--- Work instruction ---
Leave the pictures out, and transcribe the material below exactly from the line with "Used 2025 Mercedes-Benz" to the line with "Toyota Yaris Hybrid - Thumbnail 14", both lines included.

--- Records to process ---
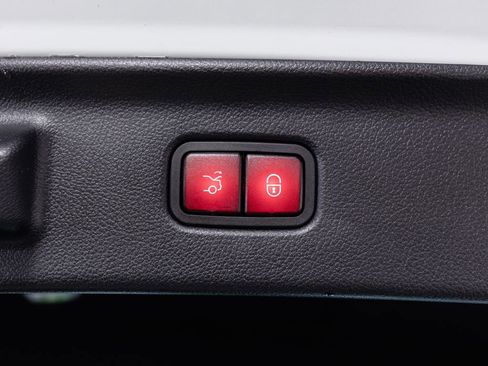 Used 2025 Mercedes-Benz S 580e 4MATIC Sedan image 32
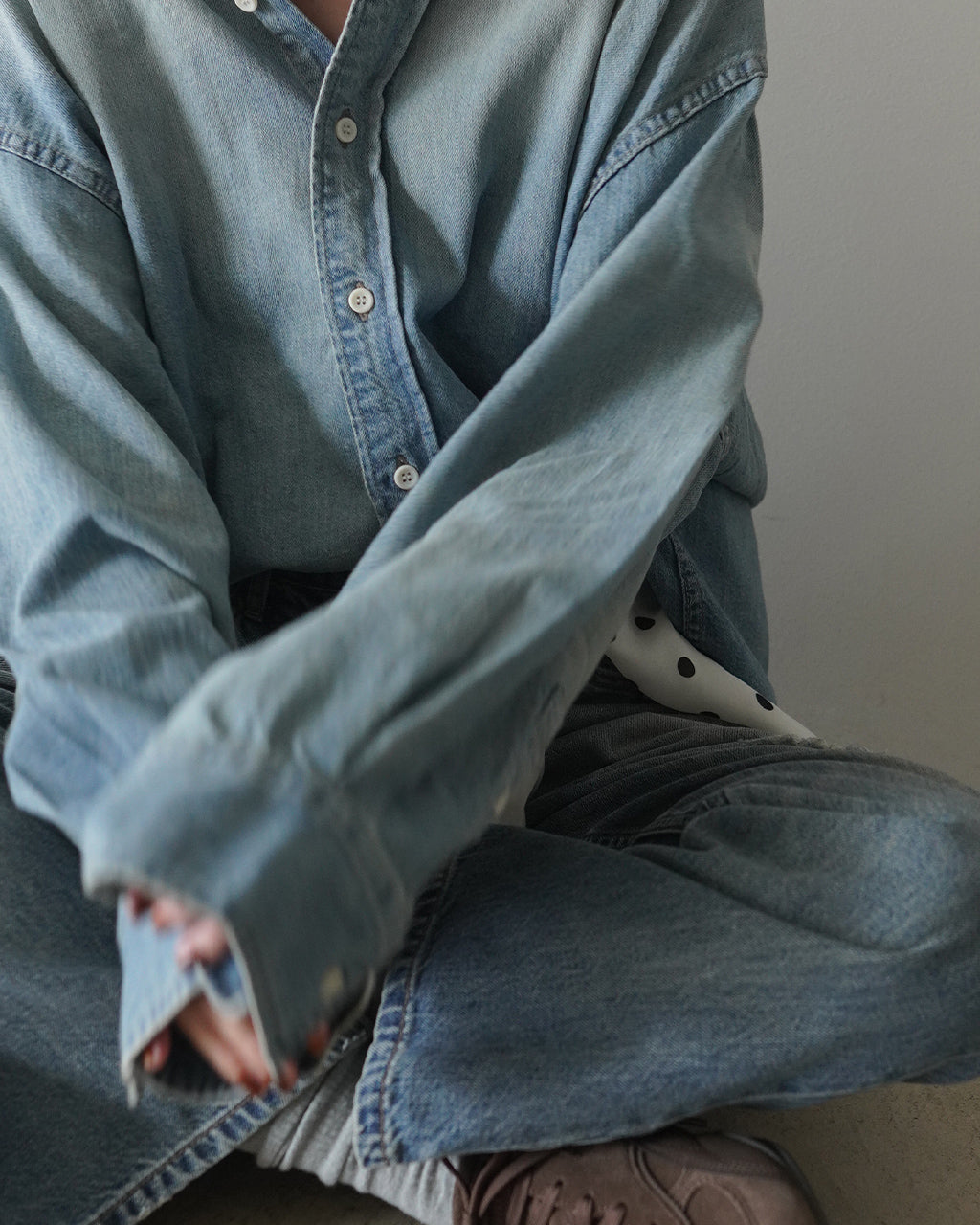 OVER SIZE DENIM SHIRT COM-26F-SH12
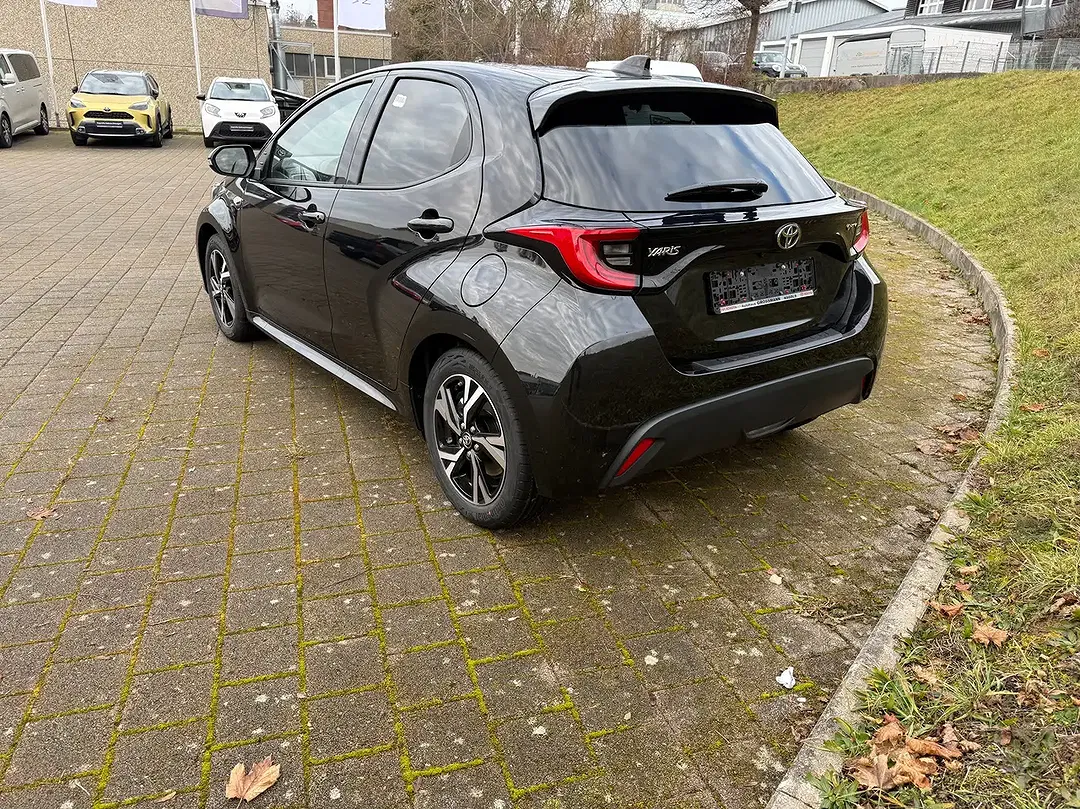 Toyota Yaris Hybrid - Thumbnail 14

* * *

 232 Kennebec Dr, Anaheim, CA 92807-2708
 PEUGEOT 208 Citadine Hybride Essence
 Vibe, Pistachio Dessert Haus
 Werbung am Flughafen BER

--- Completed exercise ---
 Used 2025 Mercedes-Benz S 580e 4MATIC Sedan image 32
 OVER SIZE DENIM SHIRT COM-26F-SH12
 Toyota Yaris Hybrid - Thumbnail 14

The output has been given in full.